═════ SUPPLIED INFORMATION ═════

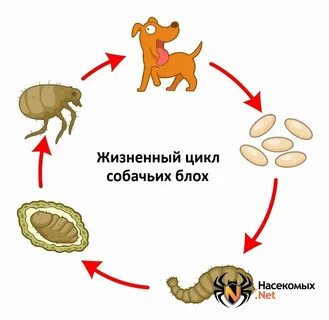 Жизненный цикл развития животных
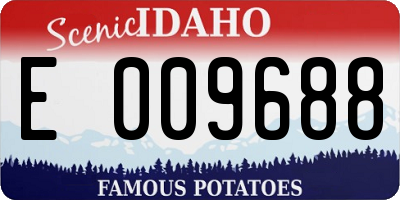 ID license plate E009688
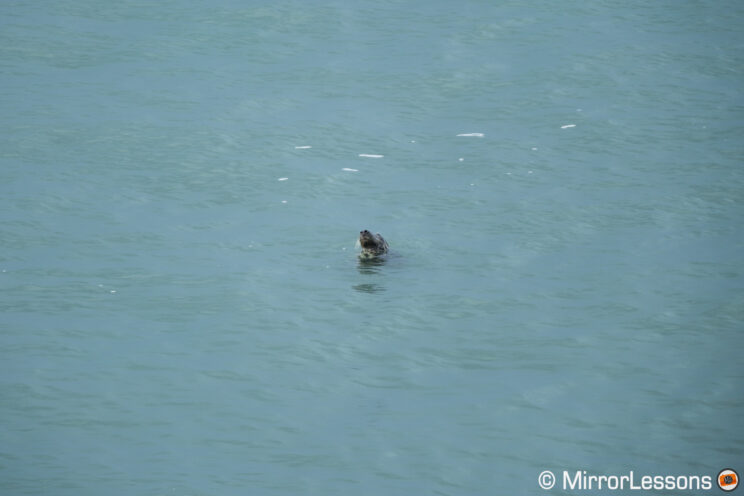 Distant seal in the water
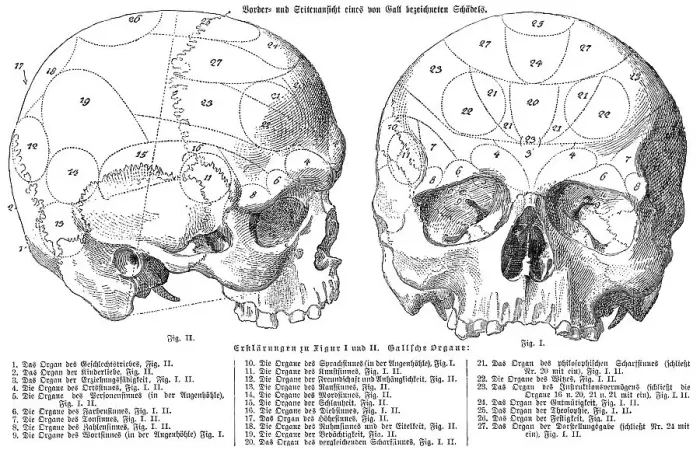 Framed Print : Human skull, anatomical illustration by Franz Joseph Gall Framed Print : Human skull, anatomical illustration by Franz Joseph Gall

═════

** ASSIGNMENT **
Restate word for word, and only, the lines from the line that contains "Distant seal in the water" through the end of the data, both included; pictures are not part of the copy.

** COMPLETED TASK **
 Distant seal in the water
 Framed Print : Human skull, anatomical illustration by Franz Joseph Gall Framed Print : Human skull, anatomical illustration by Franz Joseph Gall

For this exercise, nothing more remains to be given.